Because of unresolved dependencies, installing pdf2htmlEX became challenging in recent Ubuntu.
I use pdf2htmlEX to make pdfs nicely readable in the browser. pdf2htmlEX relies on a custom version of the poppler library, and support for more recent versions of poppler has not been built into it yet. Since no new maintainer has been found, people started to look for alternatives to keep using pdf2htmlEX productively, without being forced to stay on old libraries systemwide. Docker containers are a solution for precisely such use cases.
I here describe the steps that it took me to get pdf2htmlEX running on Ubuntu 18.04.1 LTS; I was fine with a certain overhead (in time and space) for running it, but I wanted direct command-line interaction on individual files.
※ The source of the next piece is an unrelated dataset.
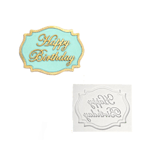 O'creme Happy Birthday Banner Silicone Mold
Since docker containers are isolated from the host system, this requires some extra steps.
First install docker; I used the snap version, so I ran:
snap install docker
Next, I pulled the prepackaged docker container by bwits:
sudo docker pull bwits/pdf2htmlex
For running pdf2htmlEX conveniently and (somewhat) securely,
you should be able to run docker as user;
this is not possible directly since docker uses Unix sockets owned by root
for communicating with containers.
But if you create a group
docker and add yourself to it,
the socket will be owned by that group instead.
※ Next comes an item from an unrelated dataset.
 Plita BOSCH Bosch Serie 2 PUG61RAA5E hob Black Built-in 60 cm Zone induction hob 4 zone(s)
sudo groupadd docker sudo usermod -aG docker $USER
You probably have to reboot (log out and restart the docker daemon) before
this takes effect, you can test it with
docker run hello-world.
If everything worked out, we can now run pdf2htmlEX as
docker run -ti --rm -v `pwd`:/pdf bwits/pdf2htmlex pdf2htmlEX [args] file.pdf
file.pdf in the current working directory.
Note that the application inside the container only gets access to the
the folder you map to
i.e., in the above command the current directory.